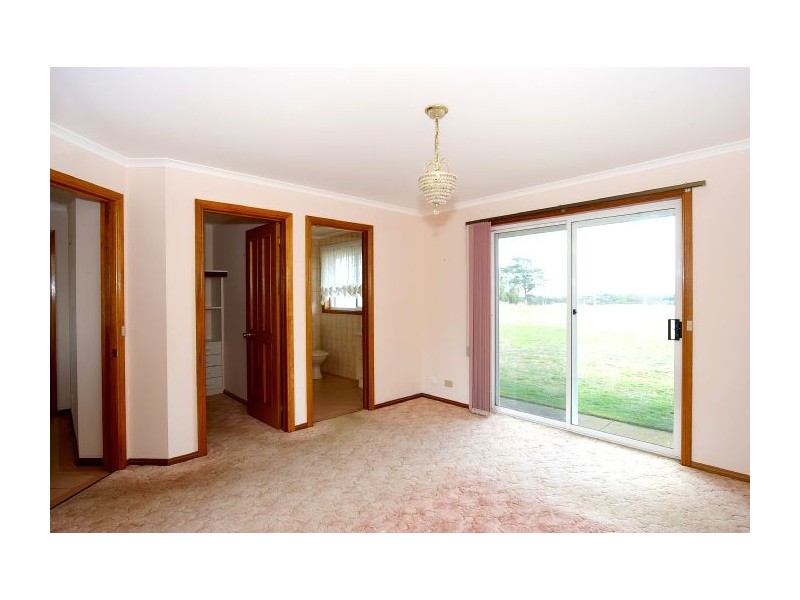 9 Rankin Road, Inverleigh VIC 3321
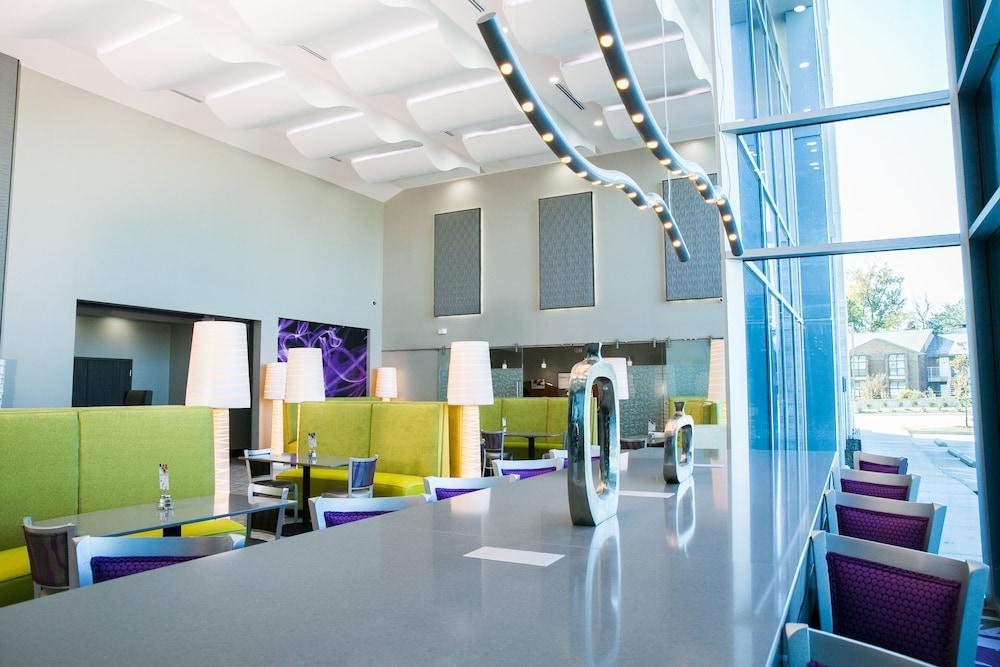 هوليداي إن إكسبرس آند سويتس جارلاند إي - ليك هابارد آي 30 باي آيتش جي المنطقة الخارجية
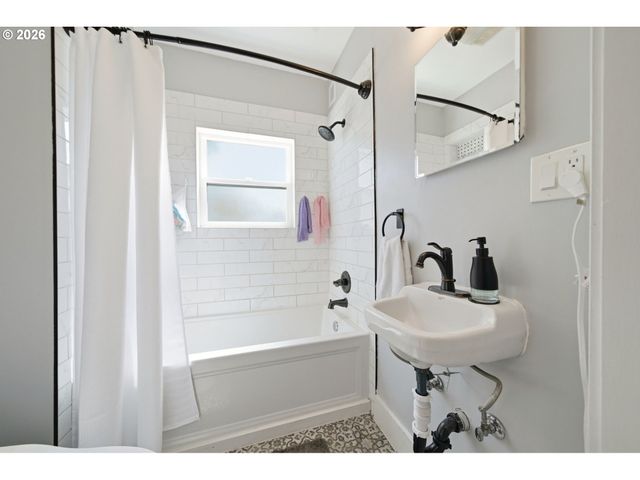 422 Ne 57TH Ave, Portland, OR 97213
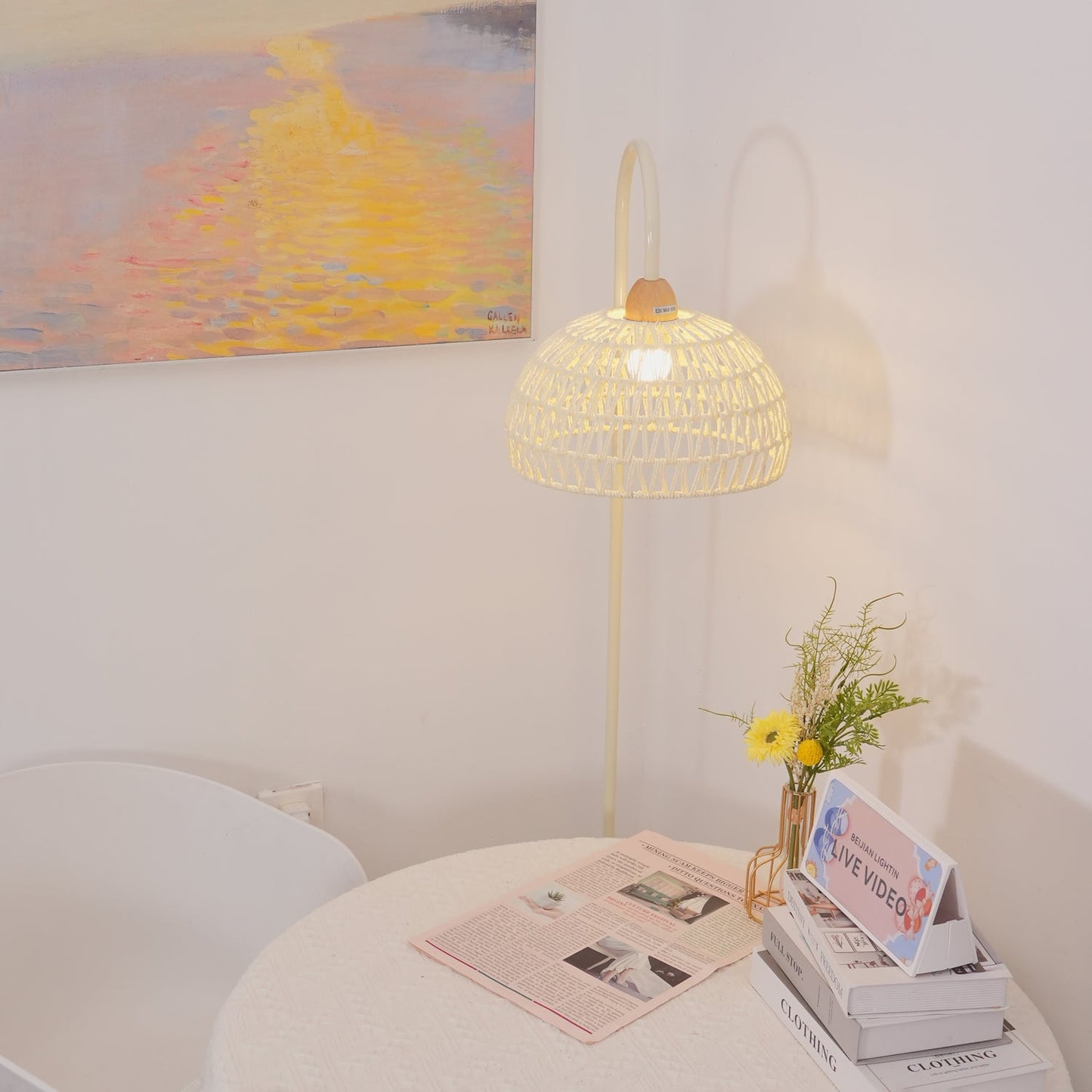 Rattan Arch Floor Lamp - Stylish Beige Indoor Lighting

* * *

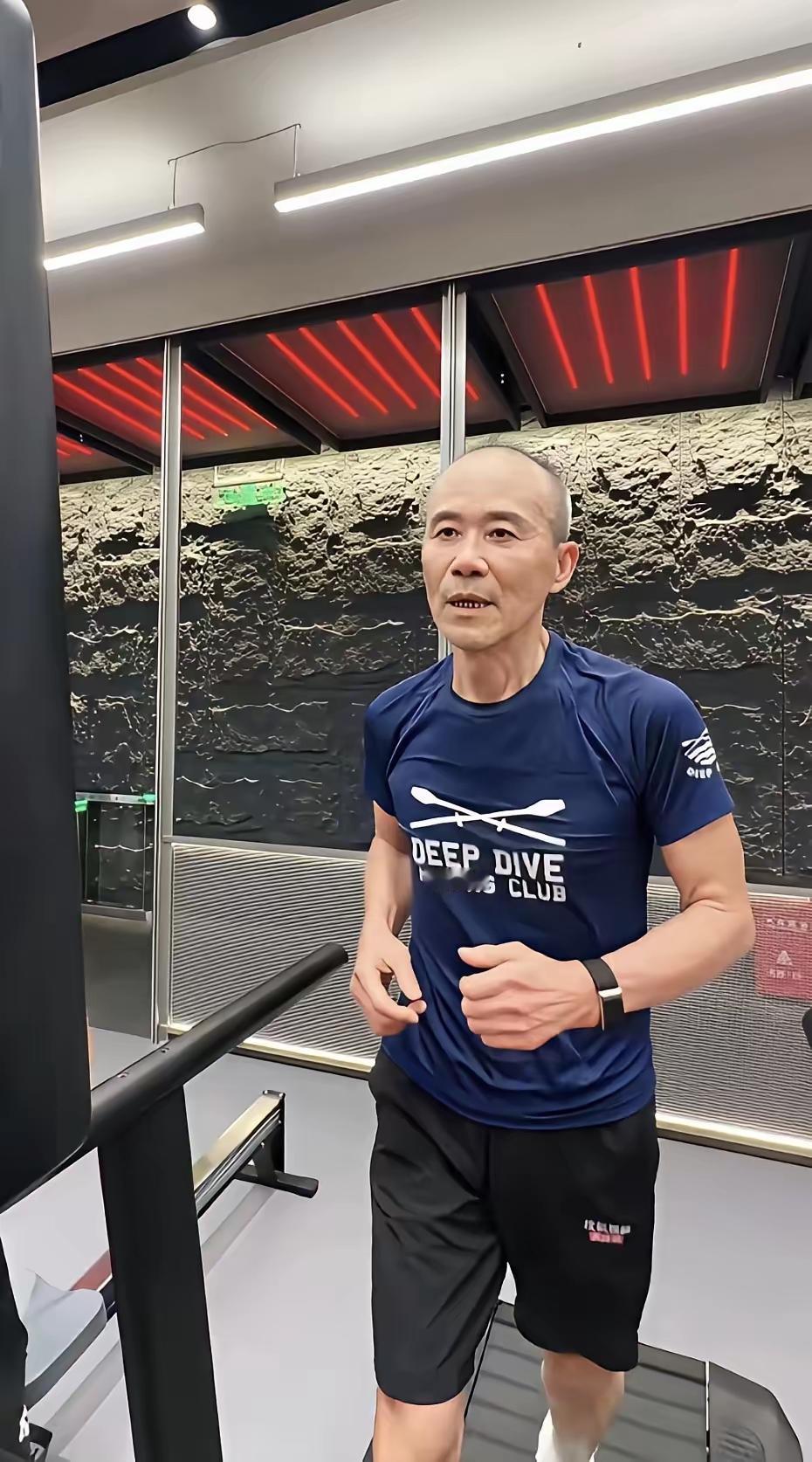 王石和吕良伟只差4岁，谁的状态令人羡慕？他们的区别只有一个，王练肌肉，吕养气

(Task to carry out) Set down, exactly as written above, each line from the one with "9 Rankin Road, Inverleigh VIC 3321" through the one with "Rattan Arch Floor", and skip the pictures.

(Response area)
 9 Rankin Road, Inverleigh VIC 3321
 هوليداي إن إكسبرس آند سويتس جارلاند إي - ليك هابارد آي 30 باي آيتش جي المنطقة الخارجية
 422 Ne 57TH Ave, Portland, OR 97213
 Rattan Arch Floor Lamp - Stylish Beige Indoor Lighting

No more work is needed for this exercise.